Sporadic but noticable SERVFAILs in specific nodes of an anycast resolving farm running BIND

2014-03-05 Thread Kostas Zorbadelos

Greetings to all,

we operate an anycast caching resolving farm for our customer base,
based on CentOS (6.4 or 6.5), BIND (9.9.2, 9.9.5 or the stock CentOS
package BIND 9.8.2rc1-RedHat-9.8.2-0.23.rc1.el6_5.1) and quagga (the
stock CentOS package).

The problem is that we have noticed sporadic but noticable SERVFAILs in
3 out of 10 total machines. Cacti measurements obtained via the BIND XML
interface show traffic from 1.5K queries/sec (lowest loaded machines) to
15K queries/sec (highest). The problem is that in 3 specific machines in
a geolocation with a BIND restart we notice after a period of time that
can range between half an hour and several hours SERVFAILs in
resolutions. The 3 machines do not have the highest load in the farm
(6-8K q/sec). The resolution problems are noticable in the customers
ending up in these machines but do not show up as high numbers in the
BIND XML Resolver statistics (ServFail number).

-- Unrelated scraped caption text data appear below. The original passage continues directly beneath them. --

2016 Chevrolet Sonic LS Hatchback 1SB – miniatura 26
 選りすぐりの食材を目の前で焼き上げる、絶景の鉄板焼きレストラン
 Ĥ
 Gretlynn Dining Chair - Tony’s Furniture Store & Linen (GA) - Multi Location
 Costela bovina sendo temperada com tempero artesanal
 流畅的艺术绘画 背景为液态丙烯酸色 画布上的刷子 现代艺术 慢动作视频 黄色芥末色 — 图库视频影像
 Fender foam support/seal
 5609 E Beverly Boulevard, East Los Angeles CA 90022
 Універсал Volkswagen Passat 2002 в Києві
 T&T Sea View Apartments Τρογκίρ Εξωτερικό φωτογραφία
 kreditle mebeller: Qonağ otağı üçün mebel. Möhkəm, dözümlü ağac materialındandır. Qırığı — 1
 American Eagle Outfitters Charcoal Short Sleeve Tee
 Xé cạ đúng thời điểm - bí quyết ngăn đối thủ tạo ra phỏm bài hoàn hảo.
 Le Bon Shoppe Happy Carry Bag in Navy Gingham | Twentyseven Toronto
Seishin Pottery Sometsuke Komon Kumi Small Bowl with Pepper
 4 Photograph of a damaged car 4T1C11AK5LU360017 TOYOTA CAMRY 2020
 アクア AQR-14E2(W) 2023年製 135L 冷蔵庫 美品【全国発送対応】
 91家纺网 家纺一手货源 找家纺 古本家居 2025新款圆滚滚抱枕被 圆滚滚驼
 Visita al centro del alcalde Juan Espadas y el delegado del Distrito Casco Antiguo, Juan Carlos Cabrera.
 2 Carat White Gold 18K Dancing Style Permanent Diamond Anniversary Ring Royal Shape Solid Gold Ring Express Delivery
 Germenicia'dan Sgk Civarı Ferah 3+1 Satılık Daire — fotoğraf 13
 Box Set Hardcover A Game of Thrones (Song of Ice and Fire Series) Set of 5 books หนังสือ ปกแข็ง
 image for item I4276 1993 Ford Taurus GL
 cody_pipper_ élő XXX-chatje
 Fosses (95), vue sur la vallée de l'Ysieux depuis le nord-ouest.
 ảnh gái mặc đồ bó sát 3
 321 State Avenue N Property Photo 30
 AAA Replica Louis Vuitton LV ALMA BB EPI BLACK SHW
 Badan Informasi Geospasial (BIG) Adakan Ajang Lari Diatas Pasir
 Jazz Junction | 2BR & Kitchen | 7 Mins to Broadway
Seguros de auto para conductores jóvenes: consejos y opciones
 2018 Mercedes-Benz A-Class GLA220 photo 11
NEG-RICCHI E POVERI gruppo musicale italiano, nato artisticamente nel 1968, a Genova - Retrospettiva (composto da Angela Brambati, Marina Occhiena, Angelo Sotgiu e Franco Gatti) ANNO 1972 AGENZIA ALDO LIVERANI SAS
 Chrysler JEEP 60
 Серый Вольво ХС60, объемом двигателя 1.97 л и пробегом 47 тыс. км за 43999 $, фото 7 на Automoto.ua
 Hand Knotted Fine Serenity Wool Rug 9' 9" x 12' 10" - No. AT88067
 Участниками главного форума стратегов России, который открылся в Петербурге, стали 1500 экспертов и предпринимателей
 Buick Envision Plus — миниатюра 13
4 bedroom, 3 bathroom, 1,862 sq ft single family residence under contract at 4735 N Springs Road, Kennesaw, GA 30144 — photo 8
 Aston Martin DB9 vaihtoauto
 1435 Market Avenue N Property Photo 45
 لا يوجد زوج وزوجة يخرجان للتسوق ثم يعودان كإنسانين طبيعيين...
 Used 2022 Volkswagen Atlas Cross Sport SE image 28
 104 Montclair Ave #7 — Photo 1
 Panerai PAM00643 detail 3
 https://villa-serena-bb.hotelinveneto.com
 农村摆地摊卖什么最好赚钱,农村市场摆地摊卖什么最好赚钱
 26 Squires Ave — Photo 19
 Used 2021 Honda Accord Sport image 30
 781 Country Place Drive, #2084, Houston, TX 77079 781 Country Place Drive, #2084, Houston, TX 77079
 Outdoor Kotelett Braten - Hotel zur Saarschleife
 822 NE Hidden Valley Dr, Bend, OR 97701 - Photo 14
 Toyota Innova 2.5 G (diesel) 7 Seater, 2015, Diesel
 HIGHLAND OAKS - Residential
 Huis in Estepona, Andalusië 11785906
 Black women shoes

We reproduce the problem, by querying for a specific domain name using
a loop of the form

while [ 1 ]; do clear; rndc flushname www.linux-tutorial.info; sleep 1;
dig www.linux-tutorial.info @localhost; sleep 2; done  | grep SERVFAIL

The www.linux-tutorial.info is not the only domain experiencing
resolution problems of course. The above loop can run for hours even
without issues on low-traffic hours (night, after a clean BIND restart)
but during the day it shows quite a few SERVFAILs, which affect other
domains as well.

During the problem we notice with tcpdump, that when SERVFAIL is
produced, no query packet exits the server for resolution. We have
noticed nothing in BIND logs (we even tried to raise debugging levels
and log all relevant categories). An example capture running the above
loop: 

# tcpdump -nnn -i any -p dst port 53 or src port 53 | grep 'linux-tutorial'
tcpdump: verbose output suppressed, use -v or -vv for full protocol decode
listening on any, link-type LINUX_SLL (Linux cooked), capture size 65535 bytes

14:33:03.590908 IP6 ::1.53059  ::1.53: 15773+ A? www.linux-tutorial.info. (41) 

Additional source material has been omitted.